The Avia went for £200 :OyVey:


----------



## spinynorman (Apr 2, 2014)

Steve D70 said:


> The Avia went for £200 :OyVey:


 Interesting, especially as one that looks more correct went for half that. If you want to find another one, l think you'll have to search "Avia watch" and scroll through. Adding "17 jewels incabloc" might narrow it down, but that might also miss one.

https://www.ebay.co.uk/itm/Vintage-AVIA-17-jewels-Incabloc-Wristwatch-working-perfectly-/163387769582?hash=item260aab82ee%3Ag%3A4hAAAOSwVEFb9YlS&nma=true&si=FQN2%2BN87g5dXvpkO6pthhU8mLMI%3D&orig_cvip=true&nordt=true&rt=nc&_trksid=p2047675.l2557


----------



## Steve D70 (Nov 15, 2018)

@spinynorman Strange how it doesn't bring every single one up isnt it, any thoughts on the two ebayers I posted, they both have great feedback but wondering if you guys could take a look through their items to see if they look decent Watches, please.


----------



## spinynorman (Apr 2, 2014)

Steve D70 said:


> @spinynorman Strange how it doesn't bring every single one up isnt it, any thoughts on the two ebayers I posted, they both have great feedback but wondering if you guys could take a look through their items to see if they look decent Watches, please.


 I'm new here and learning too. Only one of the links you posted worked for me, the guy in Bulgaria. That's a shop selling a whole mass of collectibles and I don't think you can expect anyone here to give you a blanket opinion on the watches. You need to find something you like and then do your own research before you buy it. For example, is anyone else selling one the same, how much have they sold for in the past, has it come up in conversations here or on other forums, what does Google throw up? Then, if you have specific concerns you can't resolve, ask here and people will usually try to help.


----------



## Steve D70 (Nov 15, 2018)

spinynorman said:


> I'm new here and learning too. Only one of the links you posted worked for me, the guy in Bulgaria. That's a shop selling a whole mass of collectibles and I don't think you can expect anyone here to give you a blanket opinion on the watches. You need to find something you like and then do your own research before you buy it. For example, is anyone else selling one the same, how much have they sold for in the past, has it come up in conversations here or on other forums, what does Google throw up?
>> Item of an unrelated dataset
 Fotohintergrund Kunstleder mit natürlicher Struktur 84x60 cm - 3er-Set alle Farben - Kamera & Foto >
Then, if you have specific concerns you can't resolve, ask here and people will usually try to help.


 Thanks for the reply bud, glad I'm not the only noob on here :drinks: , I think the second guy "Uk-Borzy" was just a picture not a link, I understand what you're saying but as you see from the start of this thread these experienced guys on here spotted the two dodgy ones I posted immediately.
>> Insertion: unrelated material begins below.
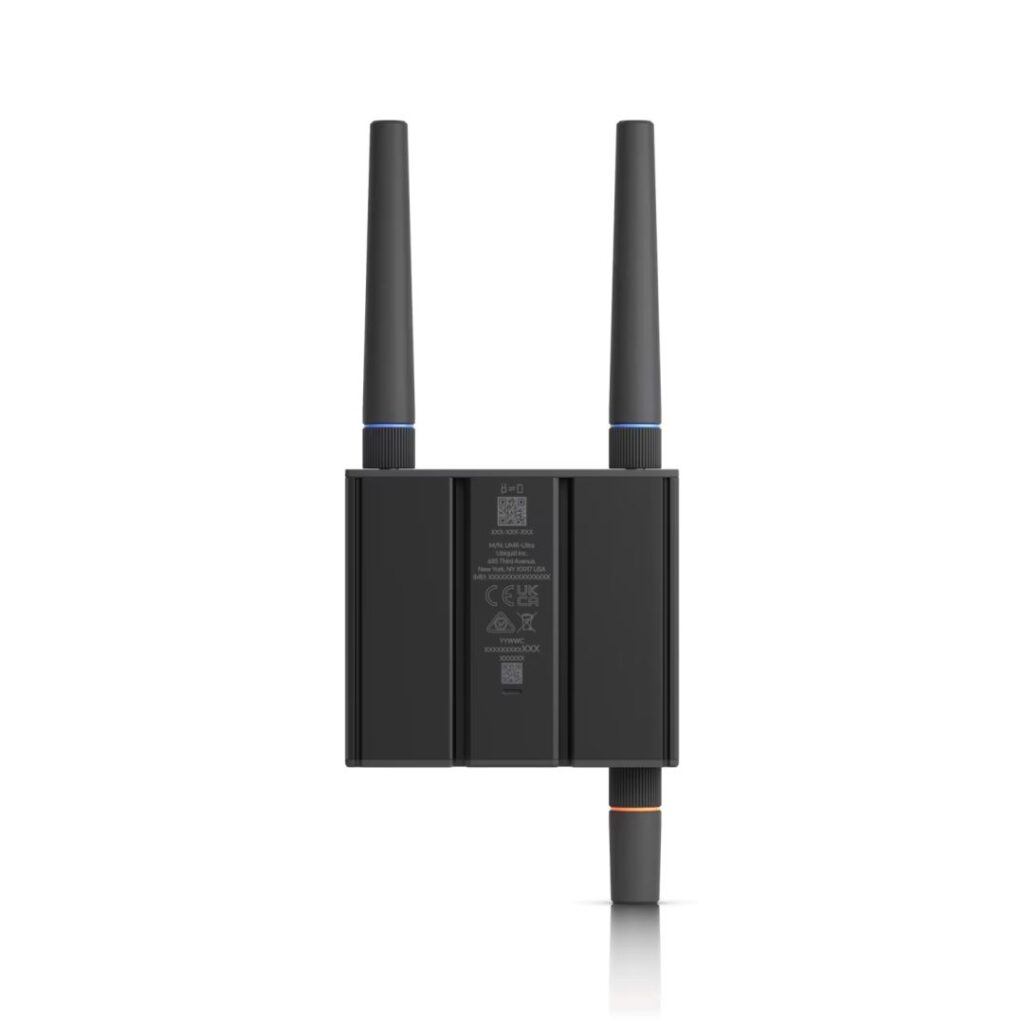 Ubiquiti Mobile Router Ultra - Image 5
Obviously I don't expect anyone to look through all their items but I thought dodgy stuff would stand out to them with a quick look to give me a rough idea if his items look ok


----------



## Chromejob (Jul 28, 2006)

JoT said:


> Both watches are rubbish, keep clear!
> 
> When buying vintage on EBay scour the internet forums an blogs and do your research before bidding, there's a lot of rubbish, fakes and a plethora of watches put together from bits.


Likewise a lot of scummy sellers who lie about their products, even posting inaccurate descriptions or photos.



Steve D70 said:


> Thanks again guy's, would you mind if I post pics of some Im thinking of buying going forward, I'll keep them all in this thread because there's going to be a few


I would vote no. We're not your on-call eBay buying consultant to give you advice about each and every watch you want to buy. If you want to wade into the dangerous ground of eBay vintage watch auctions, you need to decide what you want, then spend time learning about the brands and the models from other members. Believe me, it will be less work, and less expensive.

Oh, and you'll likely have more fun seeing other collectors' watches and hearing their stories. There's more than a decade of old posts to be searched here, as well.


----------



## Steve D70 (Nov 15, 2018)

Why the reaction @CliffBow?


----------